From the interview: Well, now, when the fees suddenly go up to $350,000 a year or more, then it means basically that there's no way that a lot of stations can continue broadcasting. Their alternative is to move to start playing music purely by just unsigned artists.
That's one option. Another option is to stream only music released under the Open Audio License, or a similar license.
The economics of Internet music distribution make the royalty business model weaker. I expect many artists will begin distributing their music for free, and making their living from live shows, special events, collectibles, etc.
Of course, I could be wrong. I've been wrong before.
Even though there are increasing restrictions on the hobby, there are still some resources to help you on your quest for an Internet Radio Station. Also, don't forget to find out how you can help.
dont' ask me if internet radio can survive, read a rant by JWZ.
One interesting thing to note here is SomaFM *IS* paying to use the music, under ASCAP and BMI. They paying as a noncommercial station, about $1000 a year (college radio stations pay under the same deal). Under the CARP ruling, they would have to pay around $1000 a *DAY*.
The thing I find really disturbing about all this is the court system seems to be buying into equating Napster-like copying with legit internet-based radio stations. Yeah, I know, you can record off of a internet radio station... as you can do off a college FM station. And the quality difference isn't much off from FM (and I've rarely had my local noncommercial station lag out and get disconnects during peek time). Just because it's a noncommercial on the internet doesn't mean it should be treated any different that one that's not.
This ruling only serves to kill off the small guy, penalize the public, and let a handful of companies monopolize the radio internet radio industry.
I don't know about SomaFM, but there is another really great radio station called Wolf FM that stands to be wiped from the planet if CARP goes through.
In brief, Wolf FM is a commercial radio station. They play ads and sell ads for their online radio. However, as Steve Wolf (the owner of Wolf FM and quite an incredible man) says running the service costs thousands of dollars per month *just* for the bandwidth. That's not even counting licensing fees.
It's so bad in fact Wolf FM has resorted to asking for donations because companies are not advertising on online radio, even though the response rate per impression is exponentially higher than regular broadcast radio.

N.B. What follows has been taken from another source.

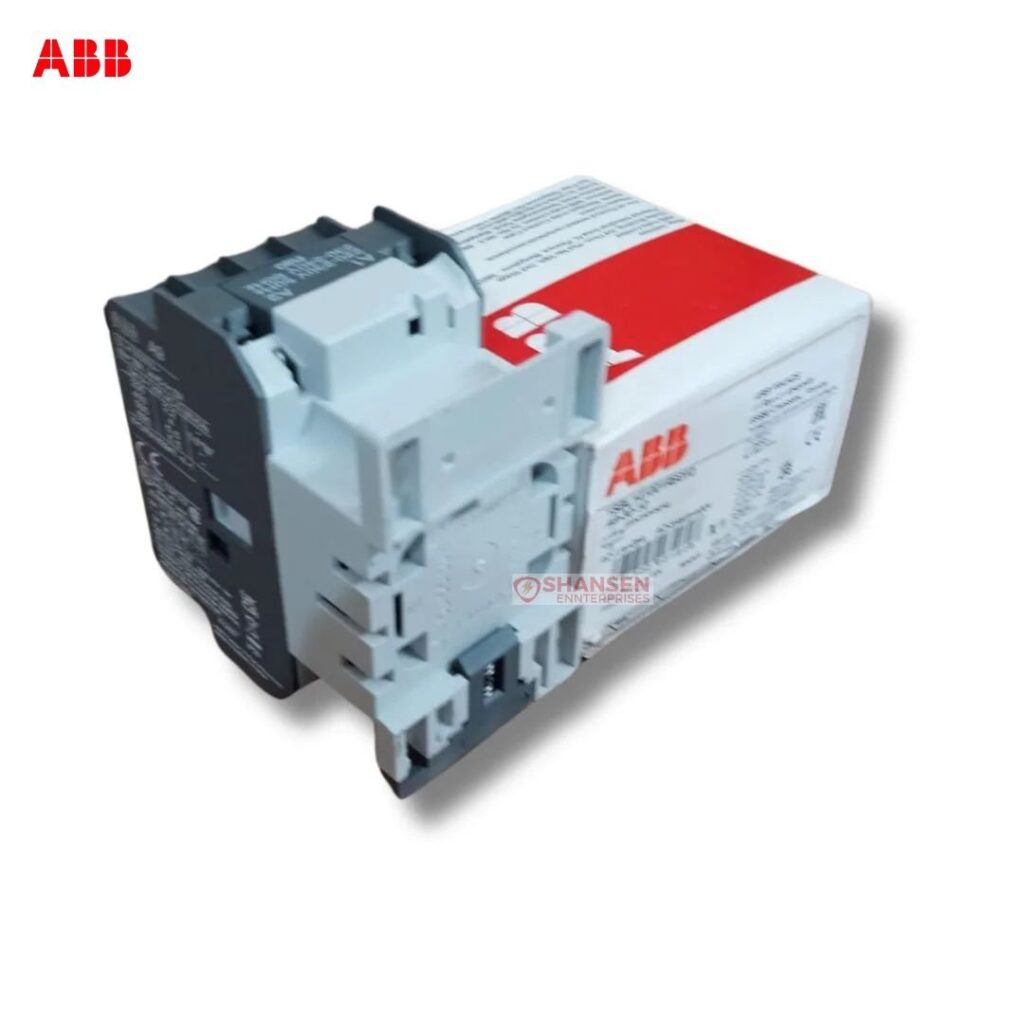 Rear/base view of ABB A9-30-10 contactor with packaging — 3-pole, 9A, 4 kW (AC-3), 220–230V coil. Genuine ABB product supplied by Shansen Enterprises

This is quite serious for the growing and quite large community of Internet radio. Most broadcasters either use donated bandwidth or take the burden on themselves as a hobby, continually seeing a loss at the expense of operating a world-wide station.
These stations can't live on compliments alone. They are in jeopardy everyday just because of the costs associated with delivering the content. What CARP would do is turn the Internet radio community into exactly what they are trying to prevent - the domain of pirates.
Let's face it, when something costs more than it's actually worth, is in high demand, and is controlled by one source who doesn't bend to the rule of supply and demand, people will resort to other ways of getting it. Suddenly the lines between fair use and illegal copying get blurred, and this is how an industry fails -- or worse, consumer rights get taken away and further restricted (read: the DMCA).
If CARP gets passed, we will see an influx of pirate and distributed services like the many p2p file sharing services. The reputable and legal online stations won't be able to survive and hence they will not be paying their broadcasting dues to organizations like BMI and ASCPI, who actually have moderate pricing that allows online broadcasters to exist.
So the effect of all this will be the artists and distributors loosing money, while creating a brand new pirate industry.
It's sad really, because there is a lot of talent in online radio today and it would be a shame if it all up and vanished, which is what will happen if CARP gets its way.
"I'll just chip in a bit for RedHat: I actually have that installed on my university machine." - Linus, '95
There's some really great internet radio out there these days.
Check out http://yp.shoutcast.com/ if you haven't already.
One of my favorites is college comedy talk radio, the one broadcast from indiana.edu, just choose comedy as the genre on the shoutcast page and it's usually several down from the top.
Awesome stuff out there, lets not lose it!
-Malakin
Part of what makes RF radio stations economical--and even occasionally profitable--is that the marginal cost of providing the broadcast service to an additional listener is essentially nil, modulo geographic saturation and transmitter power.
Today's streaming media services, however, incur a high marginal cost per additional listener--cost scales linearly with the number of listeners. There have been several attempts (Akamai, RBN) to get listeners to use a "nearby" transmitter, but these only flatten the cost-per-additional-listener line a bit by saving money close to the originating transmitter.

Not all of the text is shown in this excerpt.